While I appreciate its principle, the frigidity and uniformity of its buildings create a cold, harsh look that makes them unappealing and depriving them from a sense of identity.
Meanwhile, Postmodernism was born as a reaction against the frigidity and the idea of universal standardization that makes everything exactly the same (uniform). In his book Complexity and Contradiction in Architecture, architect Robert Venturi proposed that architects should take into consideration and to celebrate the existing architecture in a place, rather than to try to impose a visionary utopia from their own fantasies, like how Modernist architects tried to create the ideal building and space and make its inhabitants to conform themselves to its surrounding.
Venturi’s proposal was in line with architect and urban planner Scott Brown’s view that buildings should be built for people, and that architecture should listen to them.
In terms of principles, I value Postmodernism for being compromising and accommodating for diversities and their valuing beauty as something that can induce good experience (or at least visual pleasure) for people.
But looking at the varying degrees of whimsicalities and appropriateness of their decoration, I sometimes wonder just how much of it is objectively designed for the good of the people, and how much of it is actually an indulgence or a showcase of the architect’s taste.

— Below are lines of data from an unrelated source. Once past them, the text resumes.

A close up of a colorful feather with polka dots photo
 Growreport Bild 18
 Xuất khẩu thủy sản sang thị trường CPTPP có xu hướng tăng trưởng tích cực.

My response is in line with what the British architect Norman Foster says about Postmodernism:
"I respect that it was a reaction against certain tendencies, but along the way it became more about a veneer, more about styling and less about the important issues behind architecture, which if you like is the social agenda.”

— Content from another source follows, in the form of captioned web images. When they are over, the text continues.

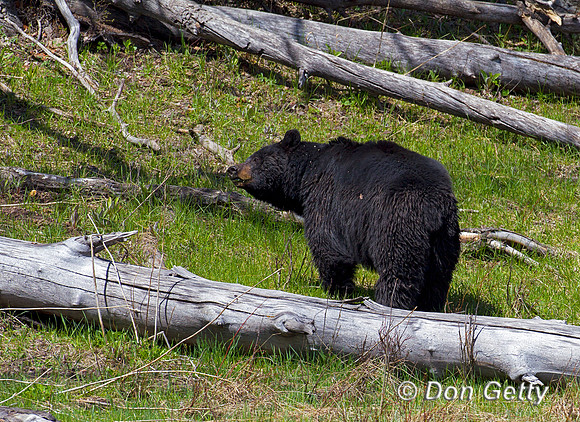 Black Bear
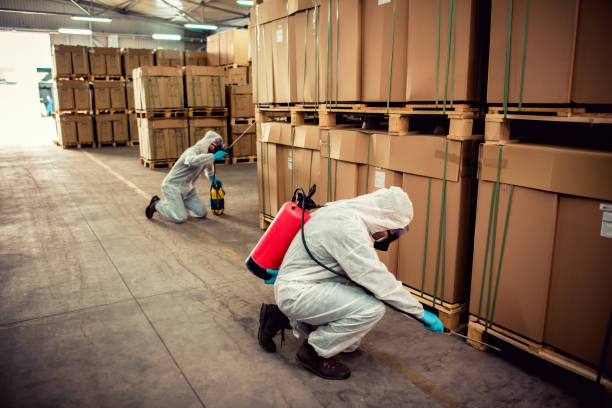 Pest Prevention Services in Benson, UT
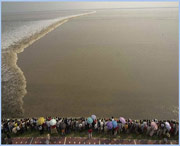 海宁天气预报10天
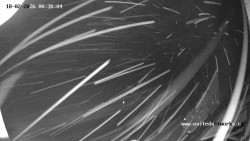 Údolí Úhlavy, Královský Hvozd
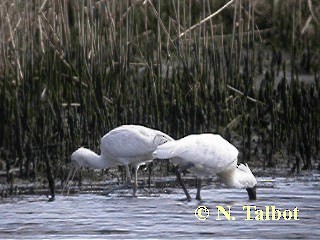 Yellow-billed Spoonbill - ML201739431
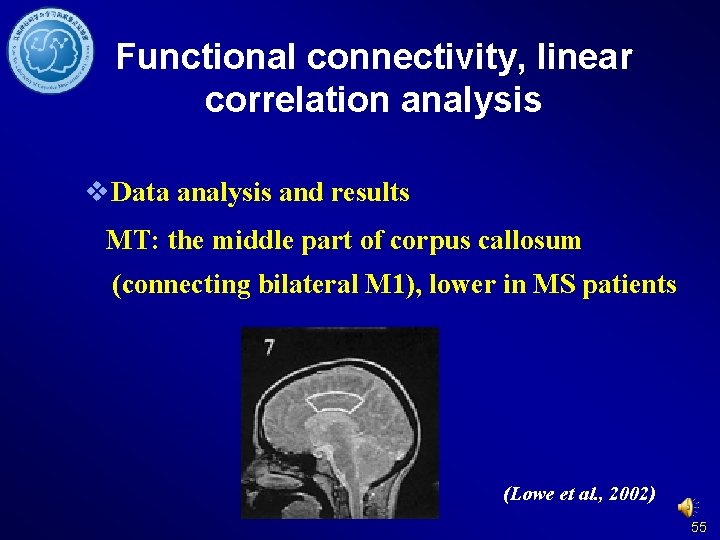 Functional connectivity, linear correlation analysis v Data analysis and results MT: the middle part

Norman Foster’s comment on Postmodernism
In some ways, Critical Regionalism is like a child who follows the best traits of his siblings, but also tries to negate or avoid their weakness or mistakes.
Like Modernism, it seeks to instil universal progressive qualities in their buildings. But at the same time, it also rejects Modernism’s lack of identity and rigid uniformity.
And like Postmodernism, Critical Regionalism also takes the cultural sensibilities and local customs into considerations. But unlike Postmodernism, it rejects the whimsical decorations unless they present a value.
In Regards to UX: Local insights and know-how
Okay, you may wonder: what exactly am I blabbering about, and what does it have anything to do with UX.
Well firstly, the role and thought process of an architect and a UX designer are quite similar. There are many similarities and parallels:
- an architect’s understanding of how people interact with an environment is similar to that of a user navigating through an experience.
- both place an importance in usability and accessibility, like how a user is guided through an experience, whether it is through navigational prompts or an innate sense of flow.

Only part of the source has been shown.